How is matrescence different from postnatal depression?
Postnatal depression is a clinical condition characterised by persistent low mood, anxiety, and functional impairment. Matrescence is a developmental process that every woman who becomes a mother moves through. The two can coexist and each can amplify the other, but matrescence describes the broader transition while postnatal depression describes a specific clinical presentation that arises in some women during that transition.
How long does matrescence last?
Matrescence does not have a fixed duration. It is a developmental process rather than a phase with a clear endpoint. Most women describe a gradual settling into the new self that emerges from the transition, but this happens over months and years rather than weeks. Resisting the pressure to have completed the transition by a particular point is part of navigating it well.
Why do I feel like I am losing myself since having a baby?
The sense of losing yourself is one of the most consistent features of matrescence. It reflects the genuine identity reorganisation that the transition involves: the previous self is being renegotiated rather than simply continued. This is not permanent loss. It is transformation. Most women describe a self on the other side of the transition that is different from and in many ways deeper than the self that existed before.
Is it normal to grieve your life before having a baby?
Yes. Grief for the previous self, for the quality of time, spontaneity, and independence that existed before, is a legitimate response to genuine change. It does not mean you regret having a baby or that you are not grateful for what you have. It means you are honest about the fact that something real has been lost alongside something profound being gained. Both things are true simultaneously.

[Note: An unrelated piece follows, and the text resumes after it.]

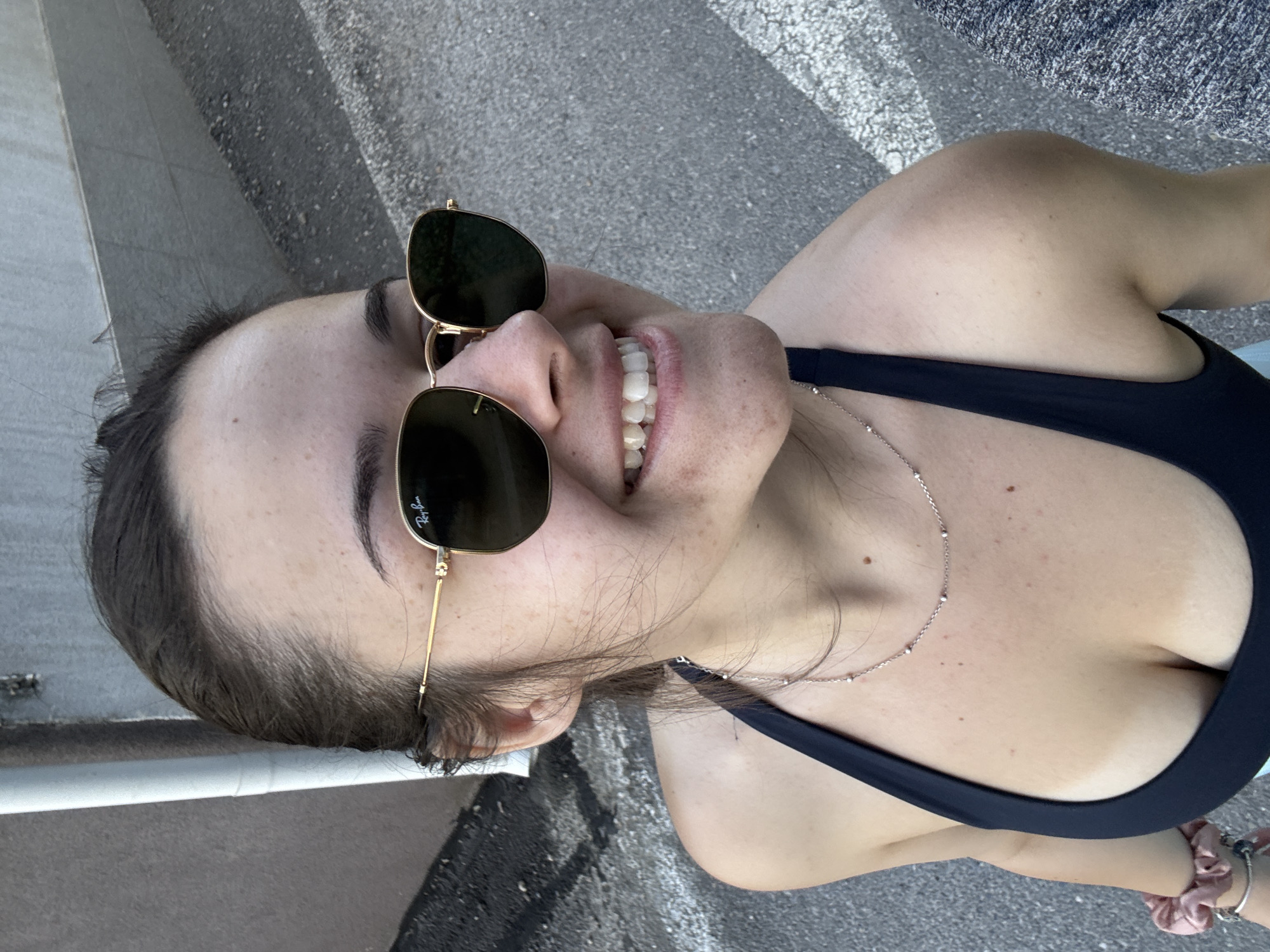 A woman with brown hair pulled back and wearing dark sunglasses is smiling and looking up at the camera. She is wearing a black sports bra and a silver necklace. Her arm is visible with pink scrunchies around her wrist. The background consists of an urban setting with concrete and a wall, likely in a city. It is difficult to confirm that the location is Sofia, Bulgaria, without additional context or clues within the image.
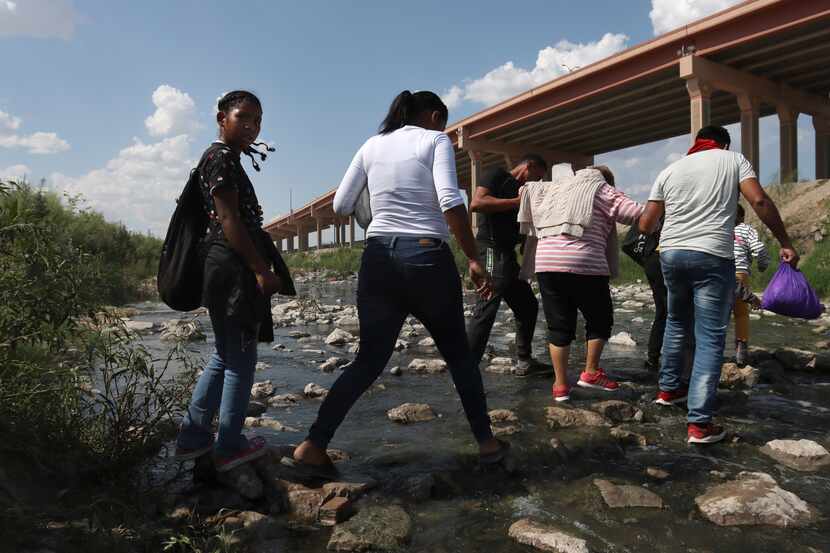 Un grupo de migrantes cruza sobre el riachuelo en el Rio Grande desde Ciudad Juárez a El...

Can therapy help with matrescence?
Yes. Therapy that holds space for the full complexity of the transition, including the grief, the disorientation, and the identity work, rather than only addressing clinical symptoms, can be significantly useful during matrescence. Group therapy is particularly well suited to this because the shared experience of the transition within a group directly addresses the isolation that matrescence can produce.
What is matresence growth?
Matrescence growth is a term used by researcher Aurelie Athan to describe the psychological development that occurs specifically as a result of the matrescence transition. It refers to the deepened self-knowledge, clarified values, and changed relationship with what matters that many women describe on the other side of the transition. It is not a claim that difficulty is good but an observation that significant transitions, navigated with support, tend to produce meaningful psychological growth.
Where can I find support during matrescence?
Community with other women in the same transition is one of the most useful forms of support during matrescence. Therapy, particularly group therapy that holds space for the full range of what the transition involves, is valuable both for women experiencing clinical symptoms and for those navigating the broader developmental process. Circe's postpartum mental health group is open to women across the full spectrum of what new motherhood involves.
This article is for informational purposes and does not constitute medical advice. If you are concerned about your mental health, please speak to a qualified healthcare professional.